◆ Listed records
________________________________________
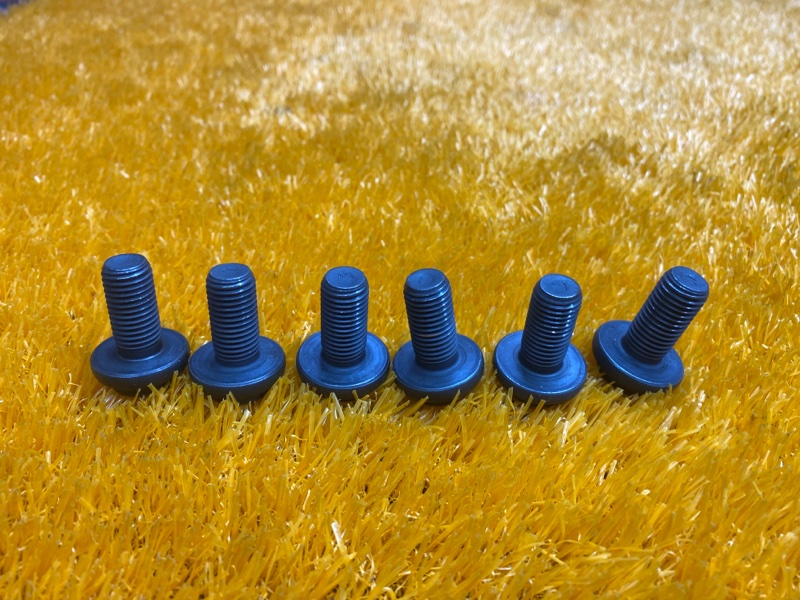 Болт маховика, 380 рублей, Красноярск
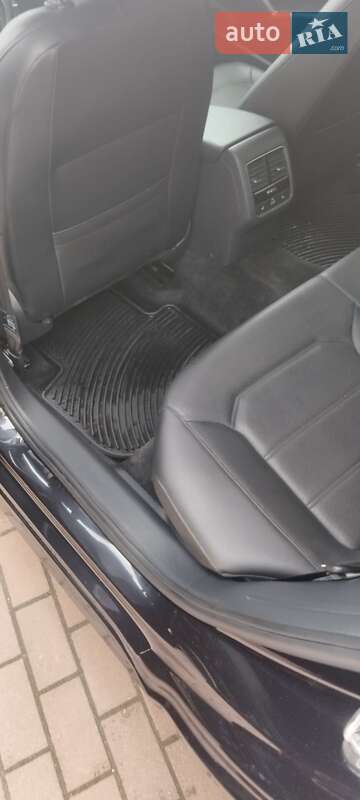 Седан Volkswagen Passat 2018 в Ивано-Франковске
________________________________________
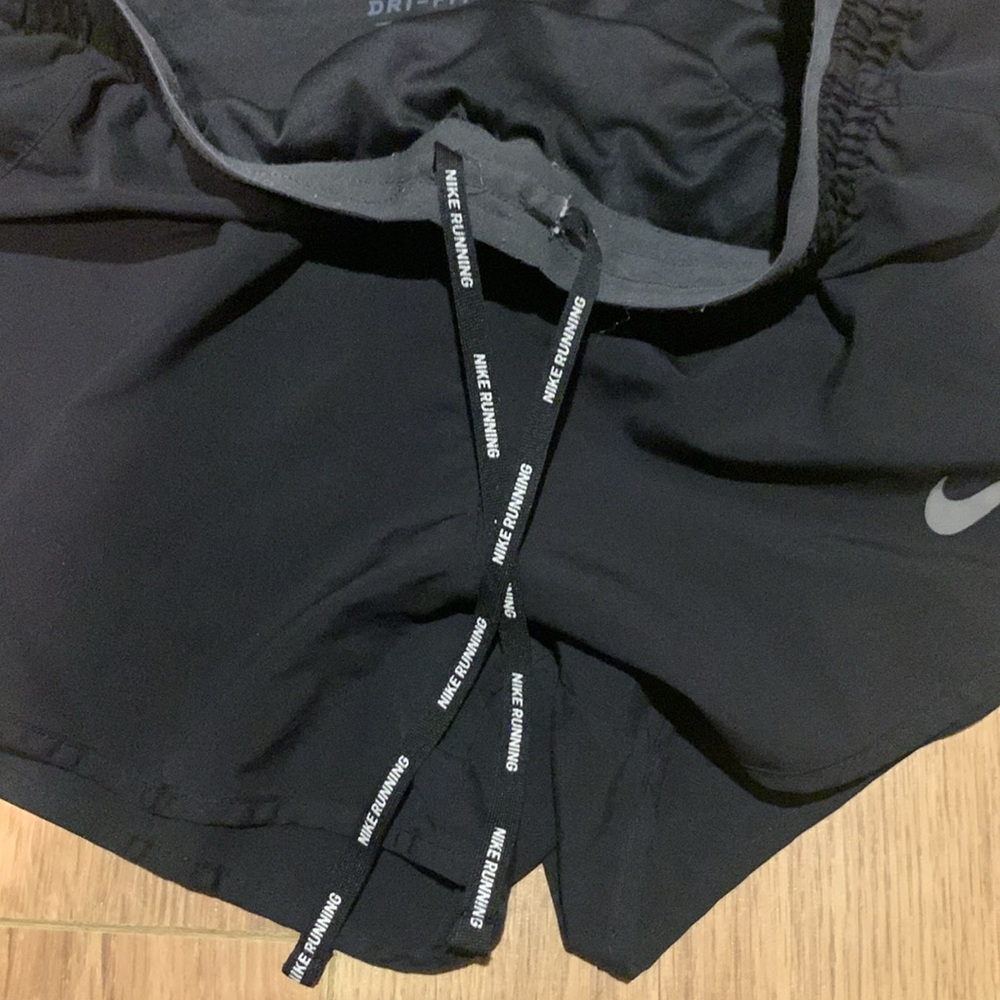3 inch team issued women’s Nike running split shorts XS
________________________________________
◆ What you need to do
Up in the listing, locate the line with "Болт маховика, 380 рублей, Красноярск"; print it and every line after it down to the line with "Седан Volkswagen Passat", which is included too. Skip the pictures.

◆ Answer space
 Болт маховика, 380 рублей, Красноярск
 Седан Volkswagen Passat 2018 в Ивано-Франковске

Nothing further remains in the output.